Sehr viel später erfuhr ich von einer entfernten Großtante, dass Oma sich in einem Wandschrank versteckt hielt, als sie noch nicht die Oma war, sondern ein ostpreußisches Mädchen, das Trudchen hieß. Im selben Raum erschossen russische Soldaten währenddessen ihre Mutter und ihren Bruder. Monate später brachte Trudchen ein Kind unbekannten Namens und Geschlechts zur Welt, das von einem unbekannten Russen gezeugt worden war. Die Ankunft im Westen erlebte es nicht mehr. Und so gebar Trudchen dem Fremden, der mit dem Namen ihrer ersten großen Liebe aus sibirischer Gefangenschaft zurückkehrte, ihr zweites erstes Kind, meine Tante. Dann folgte Papa und die Familie richtete sich ein. Der Vater auf dem Platz vor dem Fenster, die Mutter auf dem Armlehnenstuhl, die Kinder auf der Bank.

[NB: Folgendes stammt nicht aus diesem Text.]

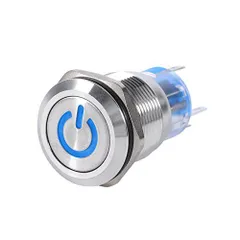 青色LEDリングライト Gorgeri 19mm 12VLED防水ステンレスセルフロックラッチングプッシュボタン電源スイッチ青色LEDリングライト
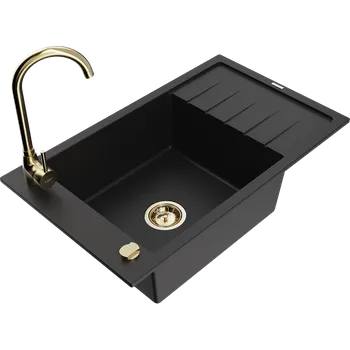 Granitový dřez Mexen Elias granitový jednodřez s odkapávačem a kuchyňskou baterií Telma, černý - 6511-77-670200-50 Granitové dřezy s baterií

Ein gemeinsames „Kommherrjesusseiduunsergastundsegnewasduunsbescherethast“ über den sonst stillen Mahlzeiten. Als der Vater eines Tages vom Stuhl kippte, änderte sich eigentlich nichts. Nur der Platz am Fenster blieb leer und der Herr Jesus war jetzt nicht mehr Gast sondern Familienoberhaupt. Und er sperrte seine Kinder zu ihrem eigenen Besten in den Spinnenkeller, wenn sie statt der Bibel Westernheftchen lasen.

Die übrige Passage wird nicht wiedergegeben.